Sicurezza alimentare, il ministro ucraino Leshchenko lunedì al Consiglio UE

Sul tavolo dei ministri la stabilità dei mercati agricoli europei alla luce della guerra di Russia in Ucraina e l'attuazione dei piani strategici della Pac, con la presentazione da parte della Commissione UE del metodo di valutazione

Bruxelles – Il ministro ucraino delle politiche agricole e alimentari Roman Leshchenko informerà lunedì 21 marzo gli omologhi europei sugli ultimi sviluppi a Kiev, facendo un punto sul blocco delle esportazioni di materie prime verso l’Europa dovuto all’invasione russa. I ministri europei si riuniranno a Bruxelles in un Consiglio agricoltura per discutere anche di sicurezza alimentare, con in agenda una discussione sulla stabilità dei mercati agricoli alla luce della guerra in Ucraina. Leshchenko si collegherà in video.
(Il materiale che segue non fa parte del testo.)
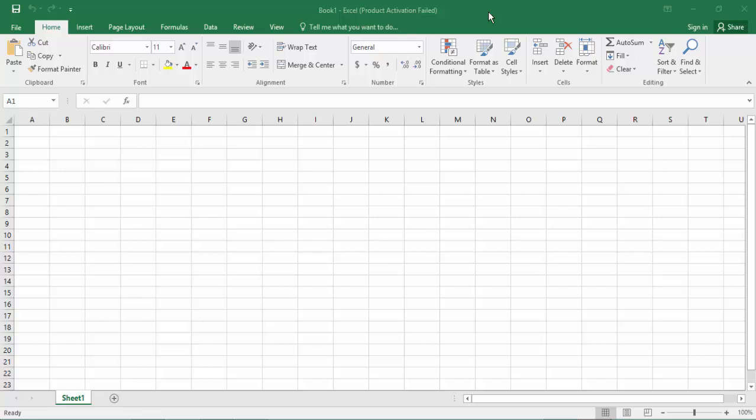Hello everyone, assalamualaikum. How are you all? I hope you are well. Welcome back to my channel in this new video. Today's video is how to create a format in Microsoft Excel. So let's start it. At first, open an Excel document.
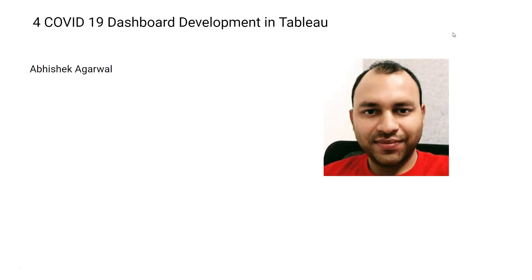My name is Abhishek Agarwal and I have 14 years of experience in the field of analytics, where I have looked at various tools like Tableau, ClickView, ClickSense, Power BI, Google Data Studio, Python, and R. I really love exploring those tools and I love to create courses for you.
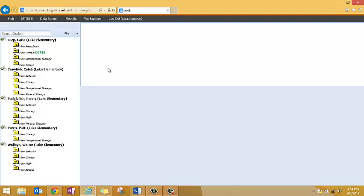Both elementary and secondary specialists, as well as administrators, see a list of active students for the buildings in which they serve, in addition to a student search box, allowing them the opportunity to search for any child in the building.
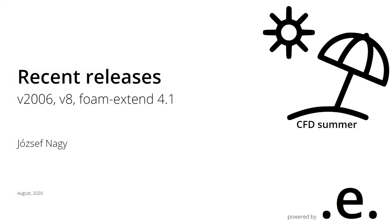Hello everyone, this is Jozef Nagy here. In this video, I'm bringing you another video in the CFD summer series where I talk about CFD-related topics, OpenFOAM-related topics, and today I want to discuss recent releases.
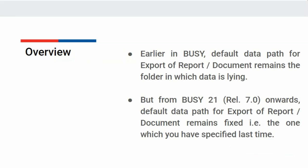If you want to change data path manually, you can change it and specify your favorable path, but that path doesn't get saved. From Busy 21 release 7.0 onwards, data path that you have specified once will get saved and remains fixed every time.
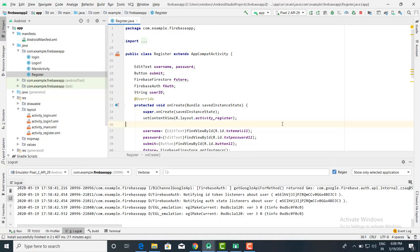Good morning. In the last session we saw how to use email and password authentication. Now we are going to check how a database is created using Firebase.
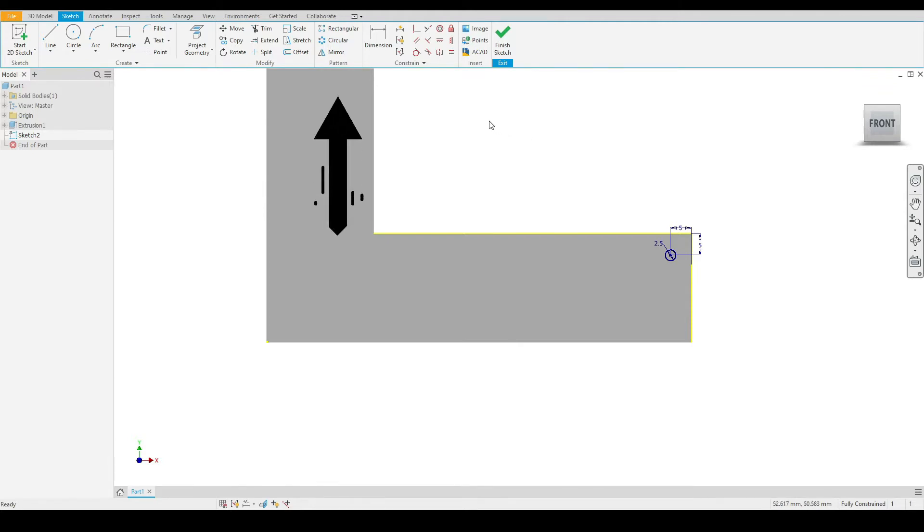The pattern tools are located underneath the sketch tab under the pattern panel.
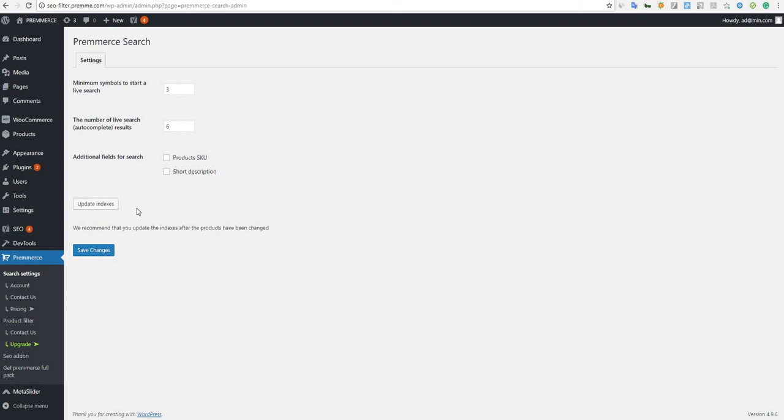In the premium version of this plugin, some additional and very valuable features are available. Firstly, you can enter the number of live search results.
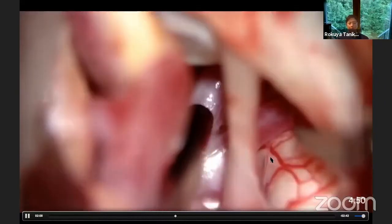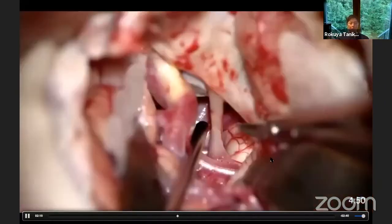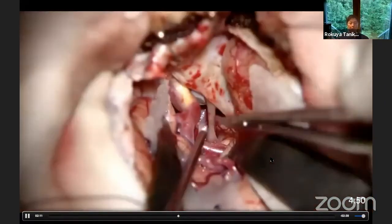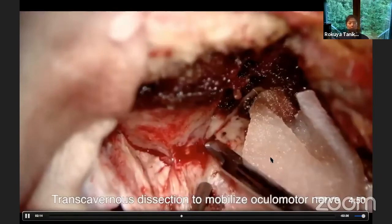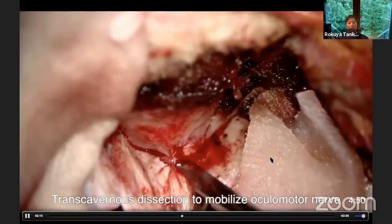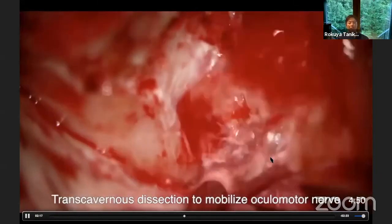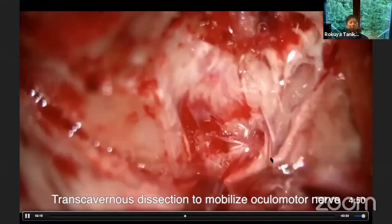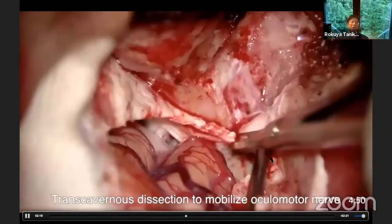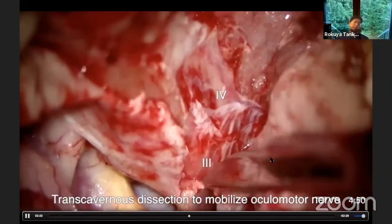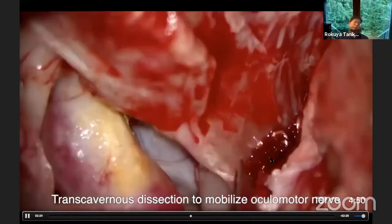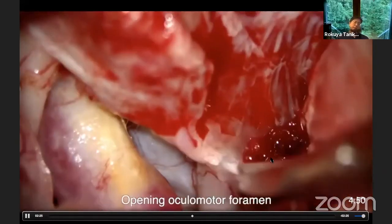Now I am securing the basilar trunk to put a temporary clip, but the operative field was too narrow to clip the aneurysm. So I decided to extend the operative field by performing the trans-cavernous approach.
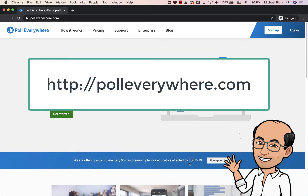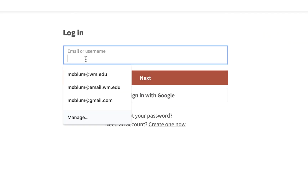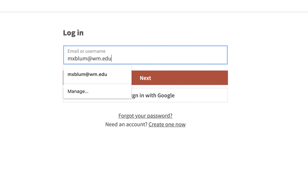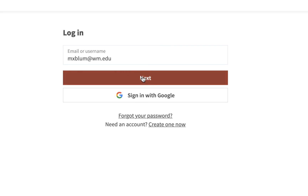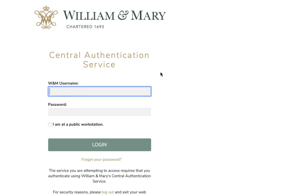When you get there, on the right hand side you'll click Login. You'll put in your William & Mary email address — in my case it's mxbloom at wm.edu — and then click Next. What will happen is you'll get another pop-up that says Login with William & Mary. You click on that, and it will bring you to the William & Mary Central Authentication Service, where you'll log in with your William & Mary credentials.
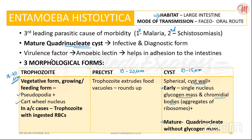The virulence factor of Entamoeba histolytica is amoebic lectin. This amoebic lectin helps in adhesion to the intestines, which leads to the disease. So the answer for the virulence factor of Entamoeba histolytica is amoebic lectin.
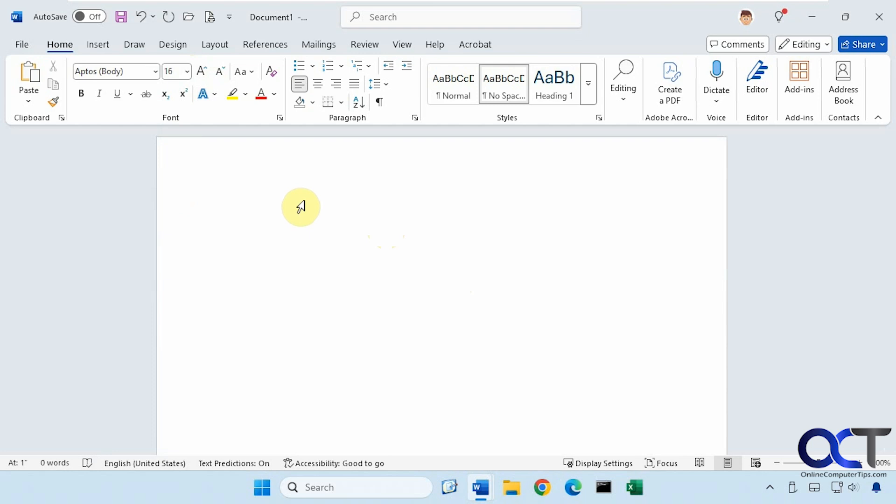Hi, in this video we're going to show you how to disable or enable some of the autocorrect as you type options in Microsoft Word.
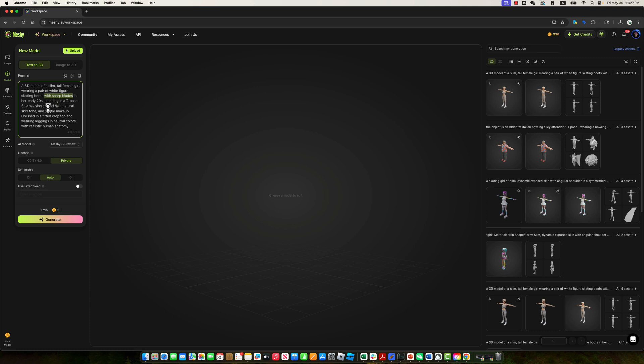She has short blonde hair, a natural skin tone, subtle makeup, and is dressed in a fitted crop top and neutral-colored leggings. The model should also feature realistic human anatomy. This is our full text prompt, let's see how it turns out.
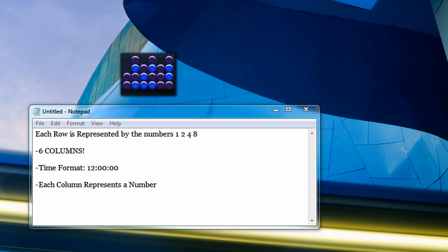Hola everyone, Vince here and today in this video I'm going to be showing you how to read a binary clock. I got to give credit to Josh Rath for giving me this idea of doing a video on how to read a binary clock, so thank you Josh Rath and let's get started.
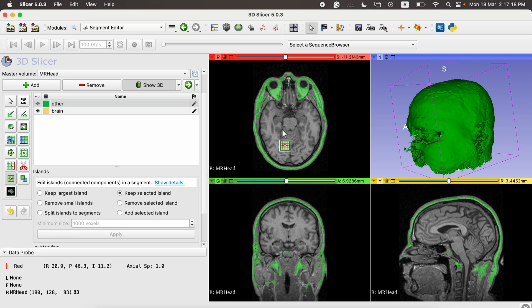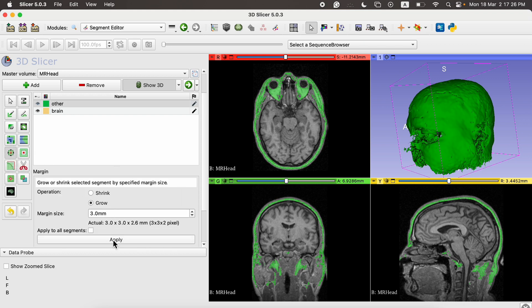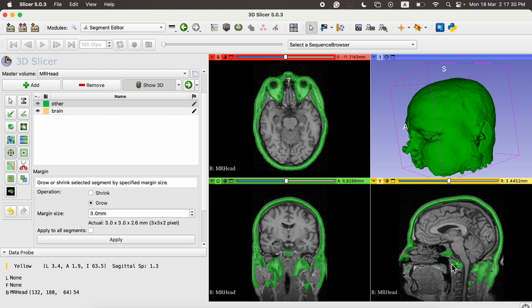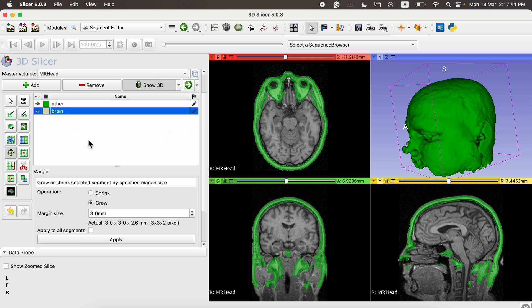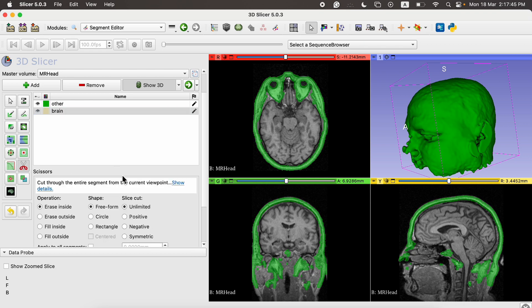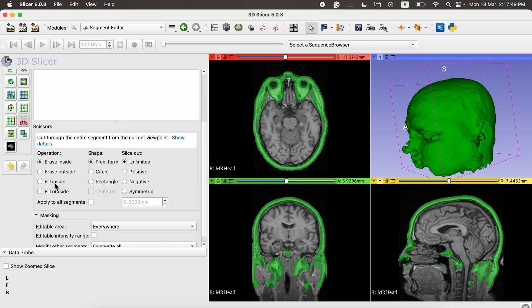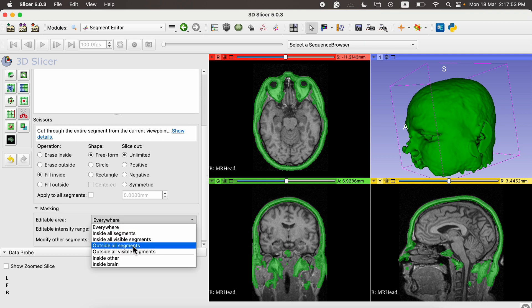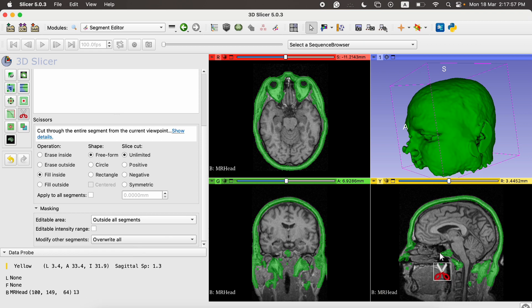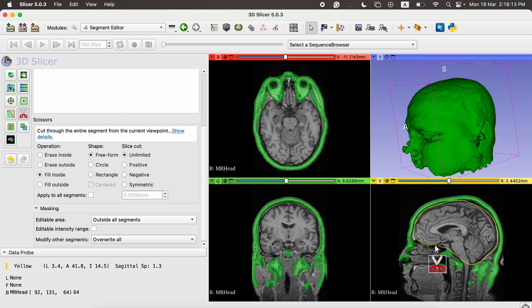Once we click the Island button it delineates the brain region and we are left with only the artifacts. Next click the Margin button and click Grow to expand and capture all the artifact regions we want to delineate. Once satisfied, click the Brain button to switch to the brain segmentation. Click the Scissor button, select Fill Inside, and in the editable area select Outside All Segments. Then draw around the brain region and press Enter.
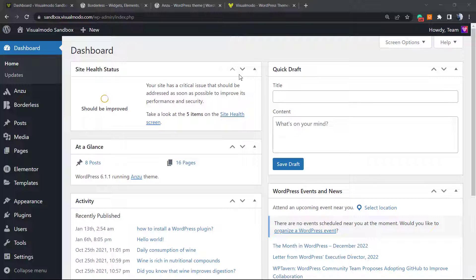What's up guys, here's Claudio from VisualMoto WordPress Teams. In today's video you're going to learn how to automatically update the year present on the Copyright Footer section of our WordPress websites using the Enzo Free WordPress theme by VisualMoto.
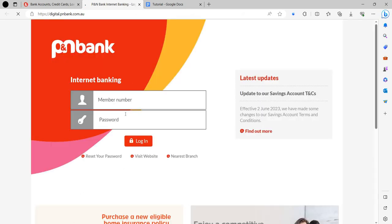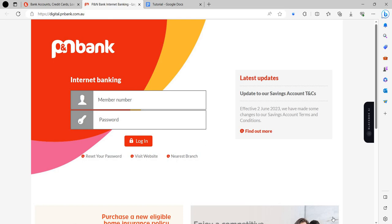Here we have to write our credentials: member number and password, and our login will be successful. If you find this video helpful, make sure you like, subscribe, and share the video. Thank you for watching.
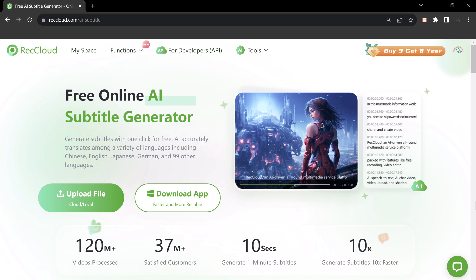Hey everyone, today I am going to show you how to use the free online AI subtitle generator RedCloud. RedCloud is a powerful tool that can help you generate subtitles for your videos in over 99 languages with just a few clicks.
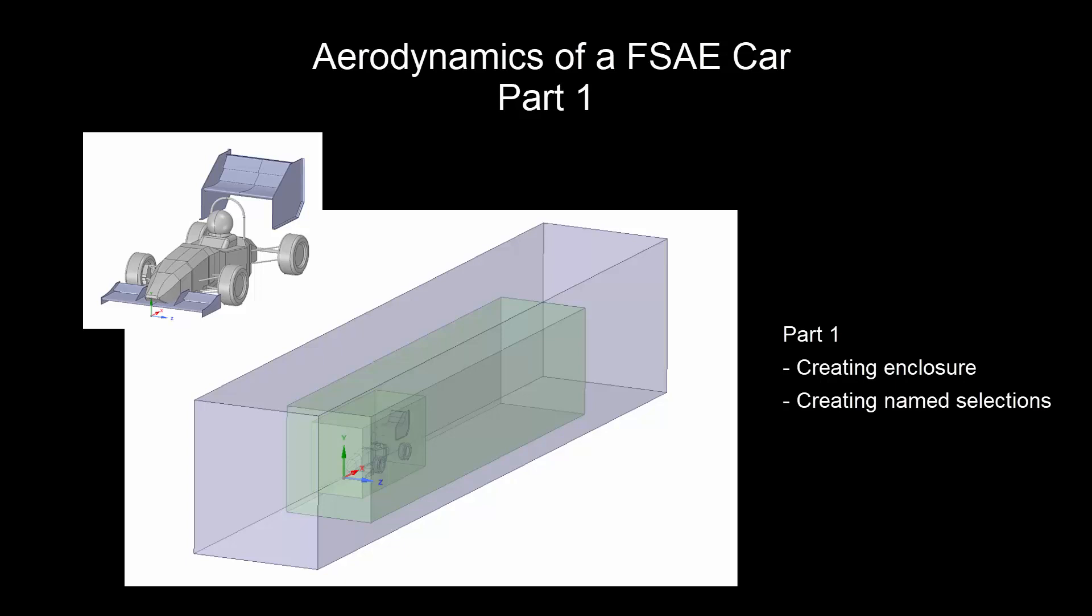In this video, you will learn the process of creating an enclosure. We will also look at how to create named selections.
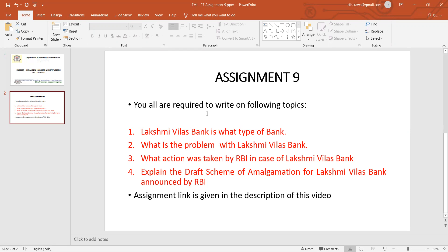The third question is: what action was taken by RBI in the case of this bank — there was one action taken by RBI recently in November, so you have to explain what that action was. The fourth and last question is: you have to go through the draft scheme of amalgamation and explain that scheme of amalgamation which has been announced by RBI.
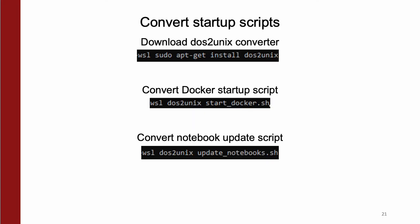Then, inside Arc analysis, download the DOS to UNIX converter by using WSL sudo apt-get install dos2unix, and then run it through both the start_docker.sh and update_notebooks.sh scripts as such.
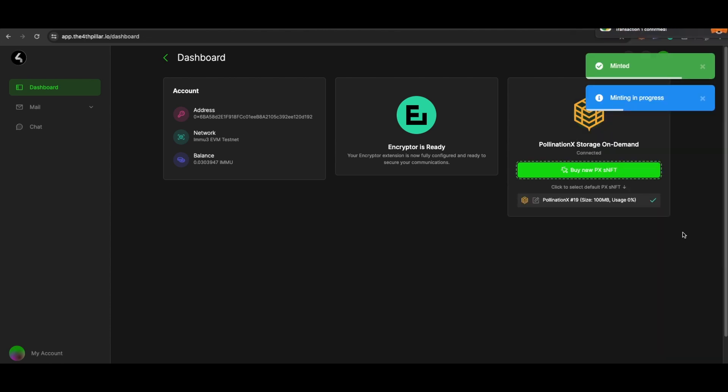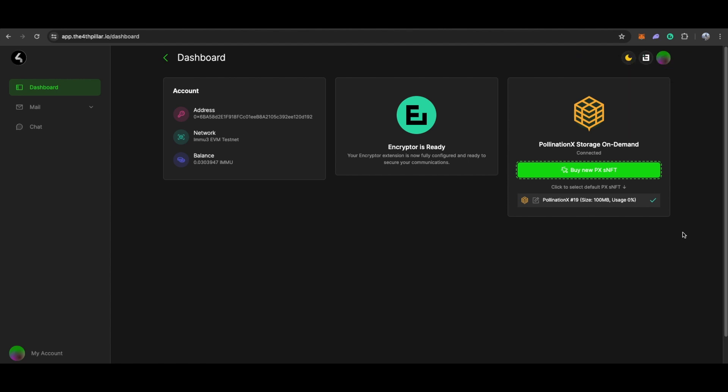And just like that, you've acquired your very own storage NFT, ensuring data ownership through decentralized storage, like an on-chain USB drive. You are now fully equipped to utilize this powerful communication tool and send your first on-chain emails and messages.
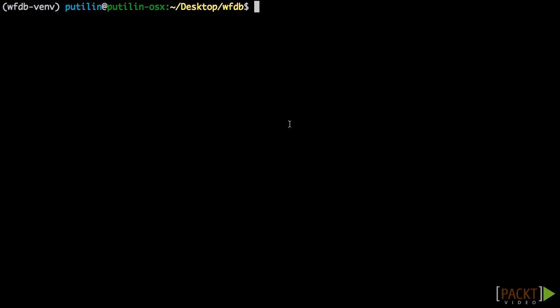But before we can use SQLAlchemy, we have to install it. Using pip, install the Flask SQLAlchemy library with this command.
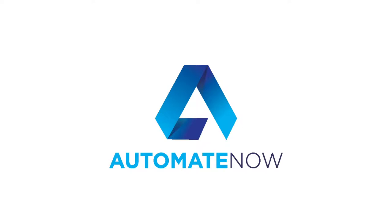In today's video, we're going to learn how to interact with modal windows using Selenium WebDriver. Hello and welcome to Automate Now. This is Marco Cruz. Let's dive in.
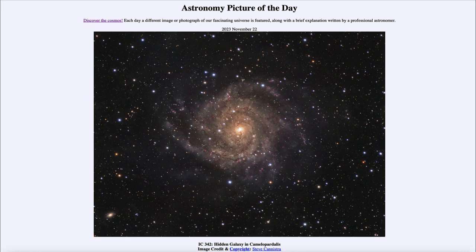So that was our picture of the day for November 22nd of 2023 — titled IC 342, Hidden Galaxy in Camelopardalis. We'll be back again tomorrow for the next picture. So until then, have a great day everyone, and I will see you in class.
La Commissione presenterà in anticipo ai ministri le misure per sostenere il comparto di fronte alla crisi, che già a grandi linee sono state anticipate dal commissario competente Janusz Wojciechowski in audizione in Parlamento. Il piano non è ancora finalizzato ma dovrebbe comprendere quattro linee di intervento: interverrà sul settore della carne suina; mobiliterà 500 milioni di euro dal fondo di riserva della politica agricola comune a cui Bruxelles proporrà di aggiungere un co-finanziamento da parte dei governi per un pacchetto complessivo di un miliardo e mezzo di euro; ci sarà una deroga temporanea ai vincoli della PAC per i terreni a riposo così da aumentarne la produttività; e un “accordo per gli aiuti pubblici”, con le stesse premesse che la Commissione ha utilizzato durante la pandemia per sostenere il mercato.

Non è previsto per il momento un dibattito formale sulla strategia per la filiera agroalimentare sostenibile ‘Farm to Fork’, anche se nelle scorse settimane molte delegazioni nazionali hanno sollevato preoccupazioni chiedendone un “aggiustamento” per garantire che la sostenibilità non vada a spese della produttività della filiera e della sicurezza alimentare dell’Ue. La riunione sarà aperta lunedì mattina da un confronto tra Commissione europea e i ministri su come e in che tempi l’Esecutivo intende valutare i piani strategici della nuova politica agricola comune.

Il tema della PAC – che sarà in vigore dal primo gennaio 2023 – e dei piani strategici è stato inserito come primo punto in agenda dalla presidenza francese “per rispondere alle richieste di molte delegazioni nazionali”, spiegano fonti Ue, che chiedevano uno scambio di idee con la Commissione Ue. Il confronto si baserà su un documento di lavoro che l’Esecutivo europeo sta preparando e che comprenderà anche il metodo di valutazione dei piani strategici. Proprio di questi temi si discuterà nell’evento di alto livello organizzato da Eunews a Roma il 28 marzo, cui parteciperanno tutti i protagonisti del settore.